Announcing the HTTP Archive

March 30, 2011 5:44 pm | 11 Comments

I’m proud to announce the release of the HTTP Archive. From the mission statement:

Successful societies and institutions recognize the need to record their history – this provides a way to review the past, find explanations for current behavior, and spot emerging trends. In 1996 Brewster Kahle realized the cultural significance of the Internet and the need to record its history. As a result he founded the Internet Archive which collects and permanently stores the Web’s digitized content.

In addition to the content of web pages, it’s important to record how this digitized content is constructed and served. The HTTP Archive provides this record. It is a permanent repository of web performance information such as size of pages, failed requests, and technologies utilized. This performance information allows us to see trends in how the Web is built and provides a common data set from which to conduct web performance research.

The HTTP Archive code is open source and the data is downloadable. Approximately 17,000 top websites are examined every two weeks. I started gathering the data in October 2010. The list of URLs is derived from various sources including Alexa, Fortune 500, and Quantcast. The system is built on the shoulders of WebPagetest which downloads each URL and gathers a HAR file, screenshots, video of the site loading, and other information. From this information the HTTP Archive extracts data, stores it in a database, aggregates the data, and provides various statistical analyses.

This chart is one of the many interesting stats from the HTTP Archive. It shows the number of bytes downloaded for the average web page broken out by content type.

In addition to interesting stats for an individual run, the HTTP Archive also has trending charts. For example, this chart shows the total transfer size of web pages has increased 88 kB (15%) over the last six month. (In order to compare apples-to-apples, since the list of top sites can change month to month, these comparisons are done using the intersection of ~1100 URLs analyzed in every run.)

The likely cause for this increase is size of images. The next chart shows that the total transfer size of images increased 61 kB (22%) over the same time period, even though the total number of image requests only increased by two (6%). Why did the size of images grow so much? This highlights one of the benefits of the HTTP Archive. Anyone who wants to answer that question can download the data and perform an analysis. Possible things to check include if the ratio of JPG images increased (since the average size of JPG images is 14 kB compared to 3 kB for GIF and 8 kB for PNG) and whether the increase occurs across most images in the page or a few larger images.

There are hours of slicing and dicing in store for performance engineers and anyone who loves data. About 20 charts are available today. More will come (add suggestions to the list of isues). The most important thing to remember is the data is being collected and archived, and will be accessible to new views that are added in the future.
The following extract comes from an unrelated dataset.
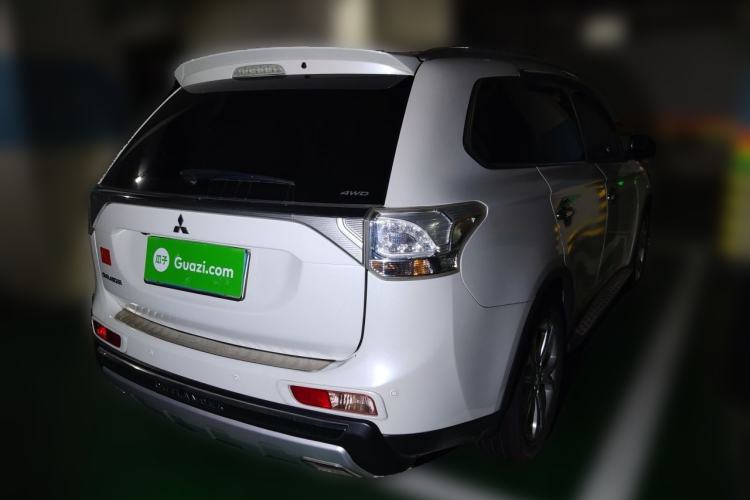 Used Mitsubishi Outlander 2014 2.4L 4x4 Deluxe Value Edition 5 Seats Rear Right 45 Deg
Check out the FAQ for more information. I encourage you to join the HTTP Archive group in order to follow our progress and add to the discussion. Once there you’ll see the first email from Brewster Kahle who says “Fantastic! I have not seen such a wealth of information on the performance of the web recorded and so enriched.” I hope you too will find it worthwhile.

11 Responses to Announcing the HTTP Archive

  1. Fantastic idea and brilliant execution! I really like that this is open source, and the graphs are elegant and useful. This is already a valuable resource!

  2. Absolutely awesome! totally satisfies my geek craving for perf charts.

  3. Nice, tracking trends can be a big help in getting a feel for where things are going. At a high level it would be nice to see if the top sites tend to improve their page load performance over time.

  4. Great! glad to see evolution there.
    Do you foresee beacon integration in some future?

  5. We already have a web archive site on http://www.archive.org

    They have more data than anyone else.

  6. @Zach: Have you even read the post?

    It specifically mentions the difference between that website and this project.

  7. Very cool, my only concern is how big of a time suck this could end up being for us data addicts ;)

    I noticed there are multiple runs in the stats screen, but couldn’t figure out the frequency. Do the pages just repeatedly run? Or do they run every 2 weeks?

  8. Great idea! Thanks for doing this.

    Best,
    Brad

  9. Nice work! but Why didn’t you include Yahoo as one of the websites?

  10. @Joseph: I created bug #111 for this.

    @Marin: Not sure what you mean by beacon integration. The HTTP Archive is based on HAR files and screenshots. That can’t be done via a beacon.

    @Zach: The Internet Archive is awesome. That’s why I approached Brewster about the idea first and worked with him to make sure he thought it was a good idea. The Internet Archive doesn’t give visibility to HTTP headers and other info, and doesn’t provide aggregate stats, so there’s a need for the HTTP Archive.

    @Simeon: Thanks for coming to my rescue! I’m sure Zach didn’t mean anything bad.

    @Guypo: WebPagetest loads each URL 5 times and uses the median. Those 5 runs for all ~16K URLs are done in a single ~5 hour period. That ~5 hour period occurs once every 2 weeks.

    @Brad: Hi! Long time.

    @Spartan: ??? See http://httparchive.org/viewsite.php?pageid=177531

  11. This project is great. I see you have my website listed. This will be great to have an archive to go back to and see how changes to design and functionality which pile up over the years have effected speed and performance.

    As a web publisher it’s a constant battle as the web changes and different third party widgets become must have items, to balance performance vs. functionality. Also, to be able to measure performance of 3rd party widgets over time. I mean how long does the Facebook like button take to load? Has it improved over the years?

    Another thing that will be really interesting to monitor is how different Ad Networks perform. Adding another Ad networks may seem like a no-brainer if it’s generates more revenue but if they slow down my website by 2 seconds a page I’d have to rethink it. I’ve never had a way to go back in time and measure something like that. This is exciting stuff!